The number talk for this lesson is 3/4 + 1/2. I display the problem on the board and have the students think silently for a minute or two and then have them discuss strategies with their neighbor. After about a few minutes I open the floor up to a whole group discussion on what they notice about the display and strategies for solving(MP 2).
I then change the discussion over a review of the ‘I Can’ statements we have covered so far in this unit. I highlight the last one because it is what we focused on in the previous lesson and the students will be practicing it again in today’s lesson.
I can explain the relationship between a part and whole.
I can create a model of a fraction.
I can create and identify equivalent fractions.
I can add fractions with unlike denominators.

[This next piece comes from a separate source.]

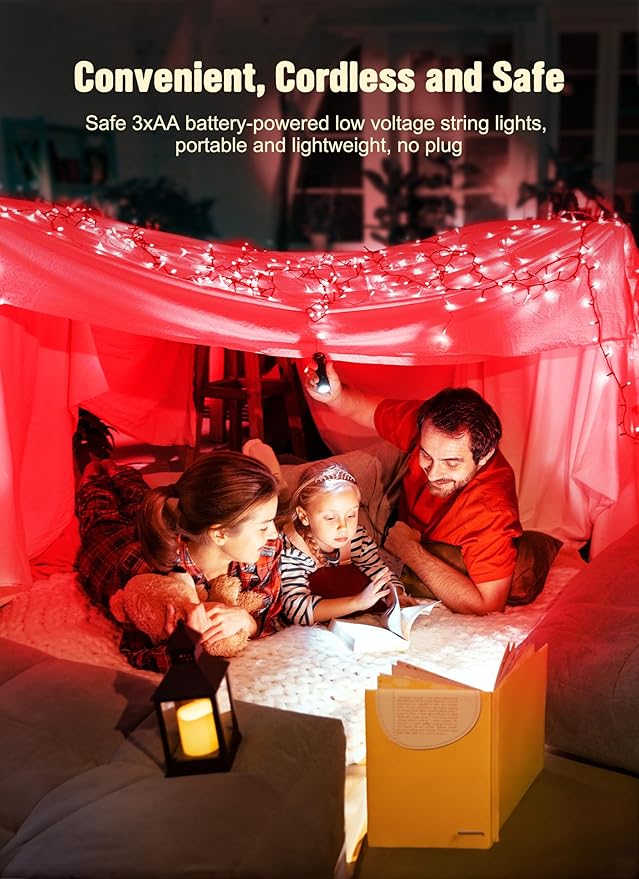 Battery Operated Christmas String Lights, 8ft 20 LED Mini Lights with Timer, Christmas Tree Lights for Indoor Outdoor Bedroom Wedding Party Holiday Xmas Decoration，Red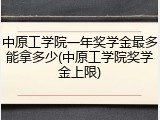 中原工学院一年奖学金最多能拿多少(中原工学院奖学金上限)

The students will be completing a lily pad game board type worksheet to practice adding fractions. This is an activity called Leapfrog Fractions I found on the Inside Mathematics website in which students need to help each frog get to the lily pad by finding the missing addend to get a sum of one.
I have students use the fraction piece model sets to aid them in helping each frog get to the lily pad(MP 4). I also explain to students that after creating a model using the fraction pieces to solve the lily pad problem their challenge is to write an equation or number model for what their model is showing. Additionally, I challenge them to come up with another model for each frog once they are finished(MP 4 and 5). This allows the faster students an extension to their work and the slower students an opportunity to take their time creating the model and writing the equation.
To wrap up today’s lesson I found a great interactive that is an off shoot of Fruit Ninja called Fruit Shoot Fractions Addition. There are multiple levels for the students as well. The first level is adding two fractions with like denominators. The second level has three addends with the same denominator. And for a challenge the third level has unlike denominators. Students can also choose between a timed mode or a relaxed mode. It’s actually a pretty fun game with the added bonus of practice math skills.